How do you approach a security incident on a cloud resource?
- Contain: Isolate the resource — remove from load balancer, apply deny-all NSG, revoke compromised credentials immediately.
- Assess: Review activity logs, Azure Defender alerts, and network flow logs to understand blast radius.
- Eradicate: Remove malicious access, patch vulnerability, rotate secrets.
- Recover: Restore from known-good backup; deploy clean replacement.
- Post-incident review: Root cause analysis; update runbook, improve detection (alerts, Sentinel rules).
- Communicate: Notify stakeholders per incident response plan; assess if breach notification obligations apply.

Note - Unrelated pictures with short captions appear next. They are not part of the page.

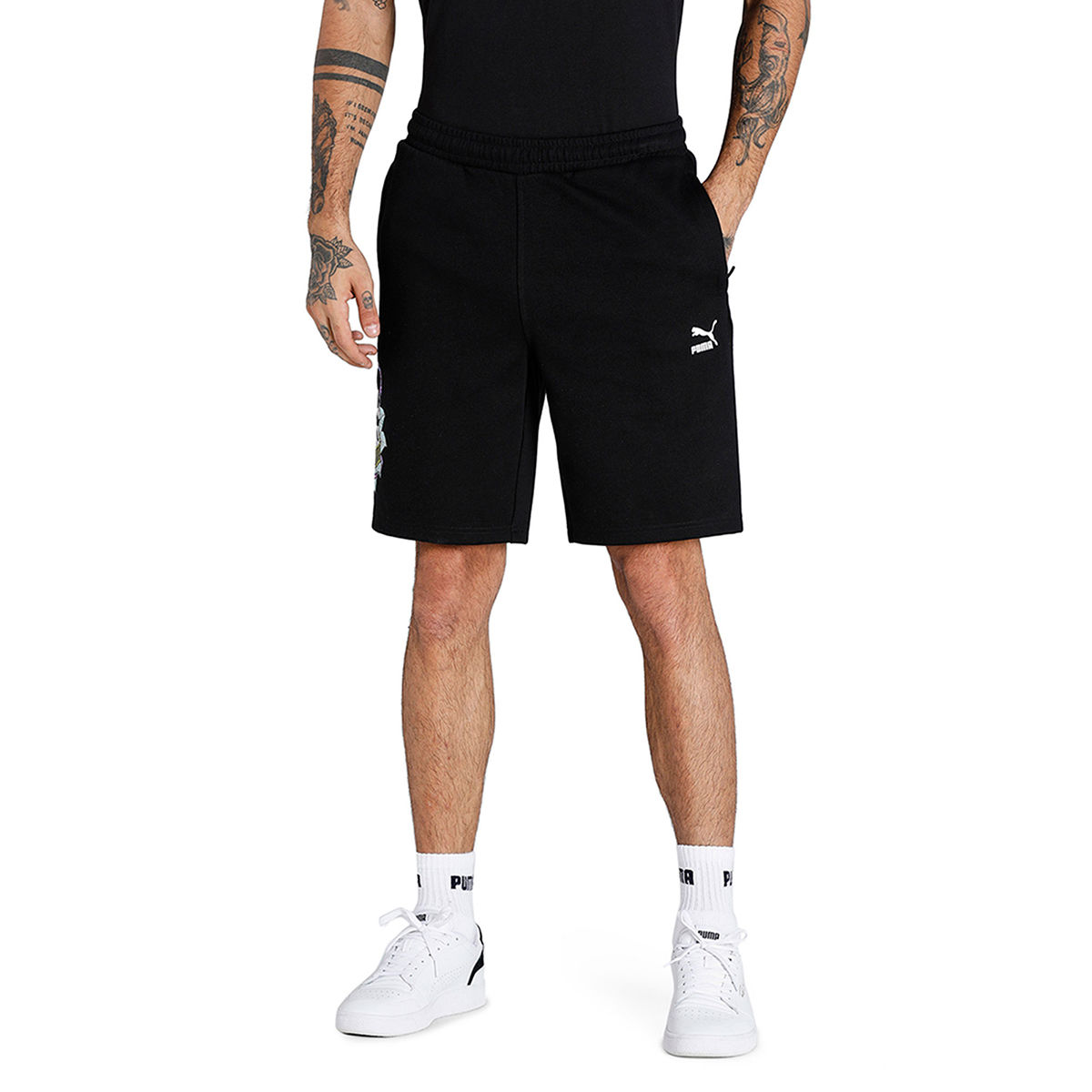 Puma SWEAT Mens Black Casual Shorts (XS)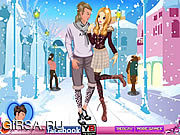 Флеш игра онлайн Winter Couple Dating 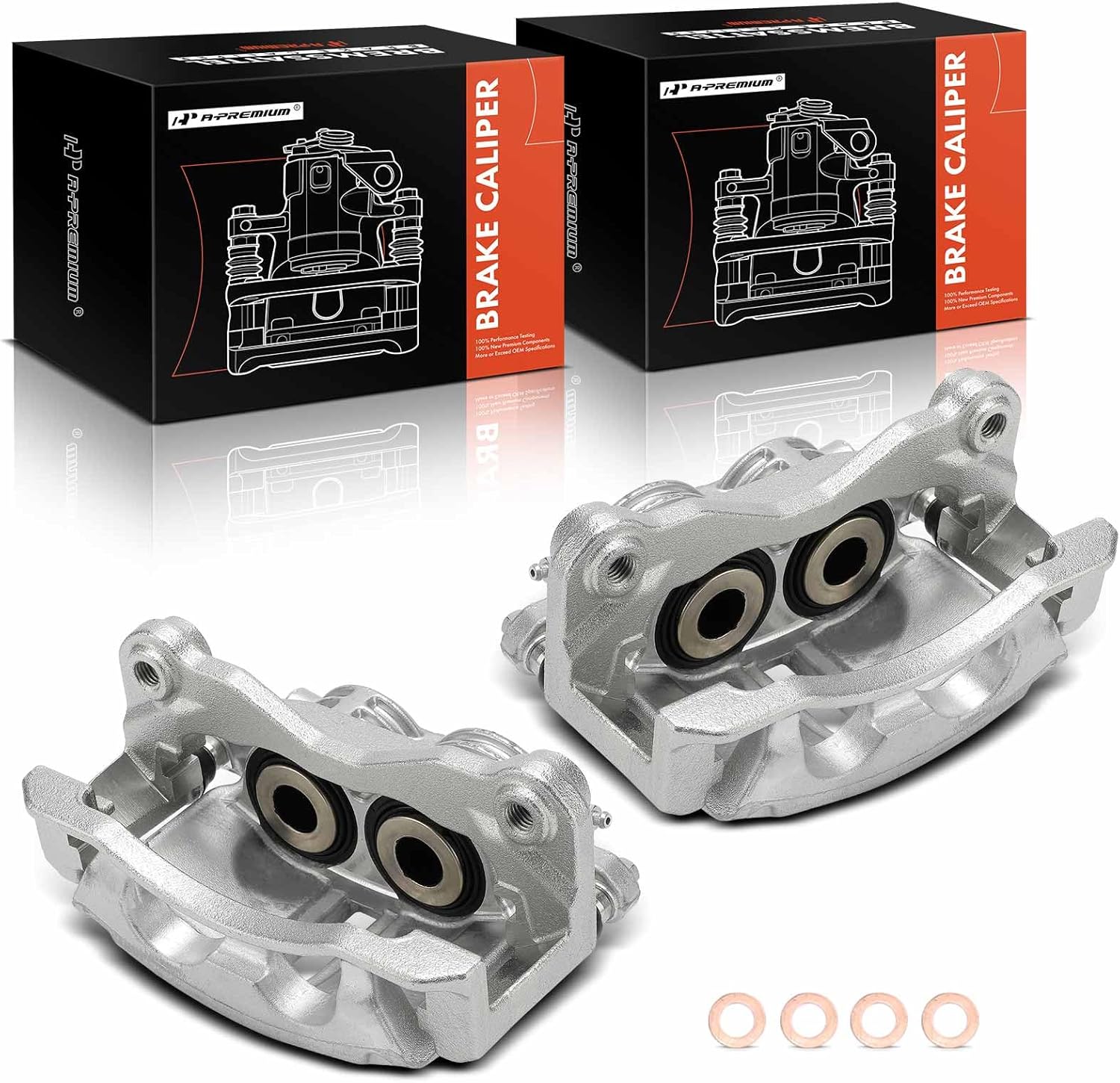 A-Premium Disc Brake Caliper Assembly with Bracket Compatible with Select Chevrolet and GMC Models - Silverado 1500 & Sierra 1500, 2002 2003 2004 2005 - Rear Right Passenger Side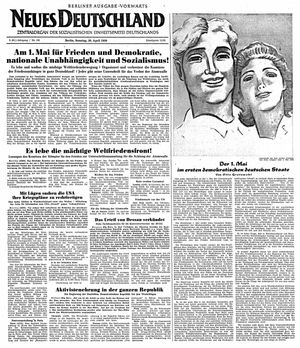 Neues Deutschland Online-Archiv vom 30.04.1950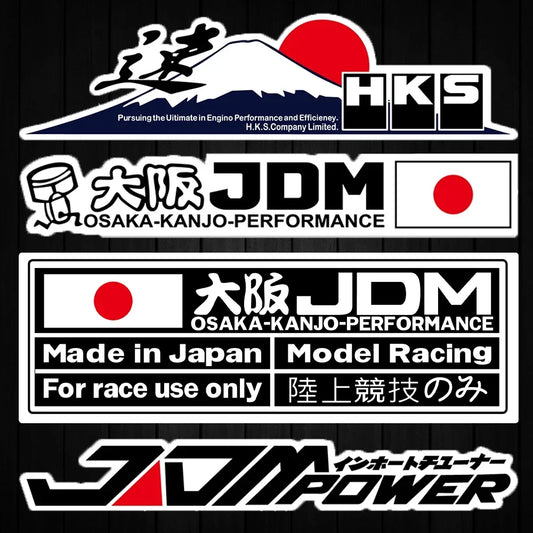 JDM HKS Fuji Mountain Reflective Car Sticker Decal Motorcycle Scooter Body Vinyl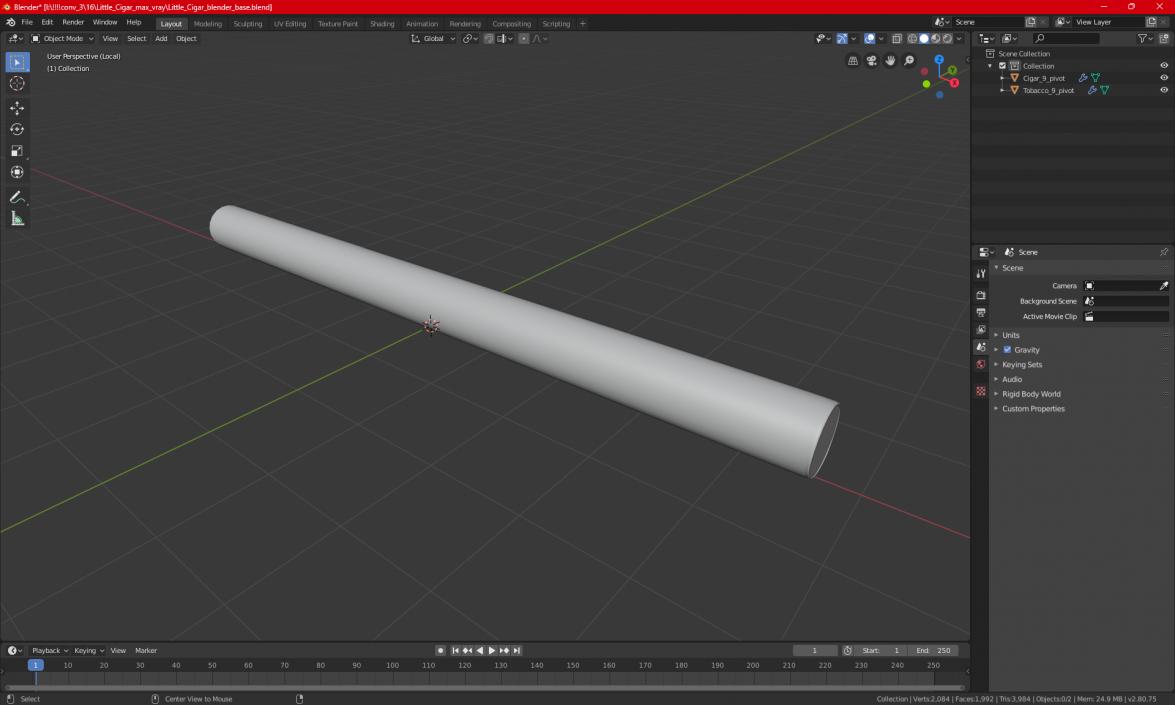 Little Cigar 2 3D model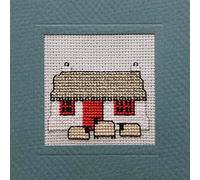 Scottish Highlands Card Cross Stitch Kit 'Crofthouse' by Textile Heritage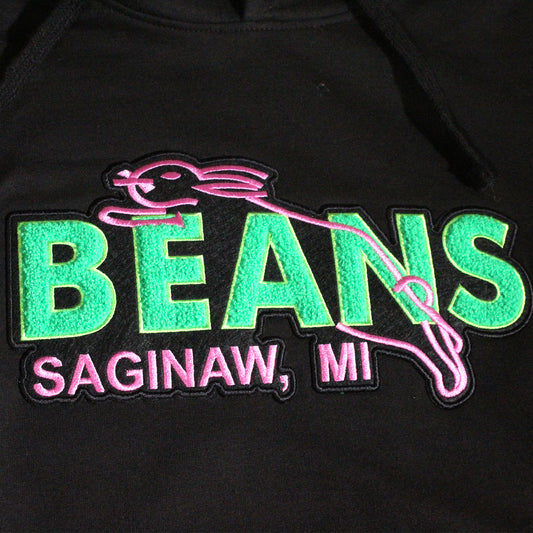BEANS CHENILLE HOODIE - BLACK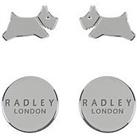 Radley London Ladies Silver Leaping Dog Twin Pack Stud Earrings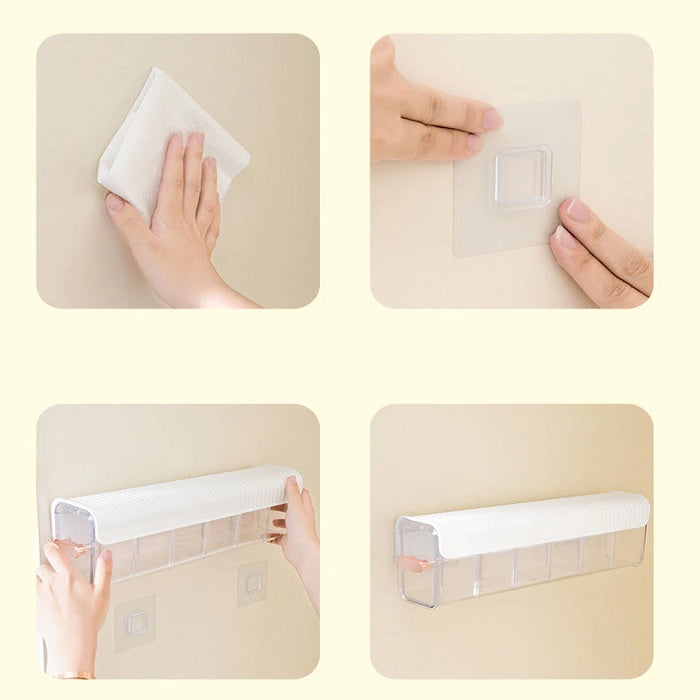 Wall Mounted Socks Organiser - 6 Slots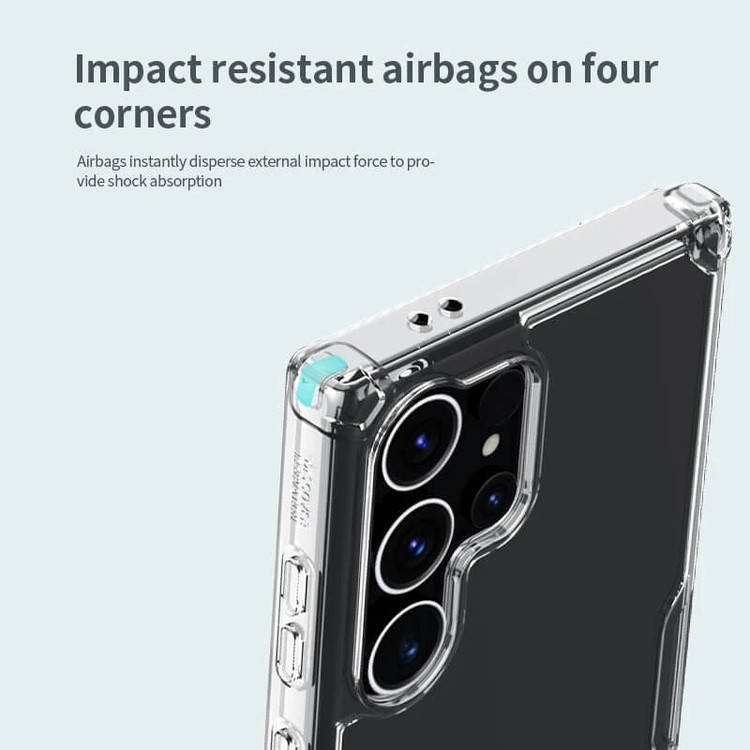 کاور نیلکین مدل Nature TPU Pro مناسب برای گوشی موبایل سامسونگ Galaxy S25 Ultra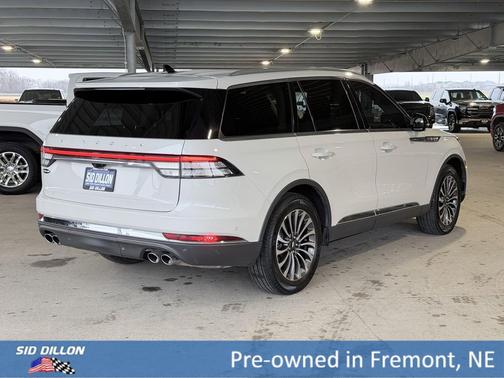 Ceramic Pearl Metallic Tri-Coat 2023 Lincoln Aviator Reserve AWD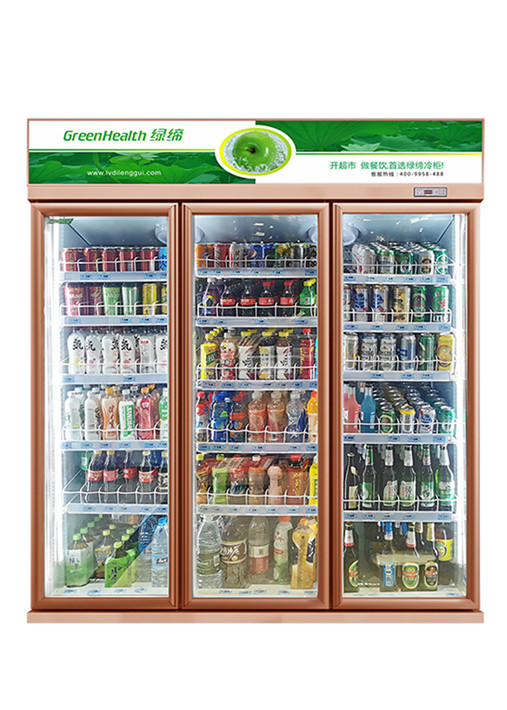 452L Commercial Beverage Cooler LED Light No Frost Vertical Juices Display Chiller For Hypermarket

What would you check first if an Azure VM suddenly became unreachable?
Systematic triage:
- Azure Portal health: Check VM running status, any platform health events in the region.
- NSG rules: Is the NSG on the NIC or subnet blocking the port you're connecting on?
- OS-level firewall: Inside the VM (Windows Firewall, iptables).
- Route table: Is there a User Defined Route inadvertently null-routing traffic?
- Public IP: Is IP still assigned? Did IP change (dynamic allocation)?
- Application logs: Use Azure Serial Console or Boot Diagnostics if SSH/RDP is blocked.
- Guest OS: Check system logs — OOM killer, disk full, crashed service.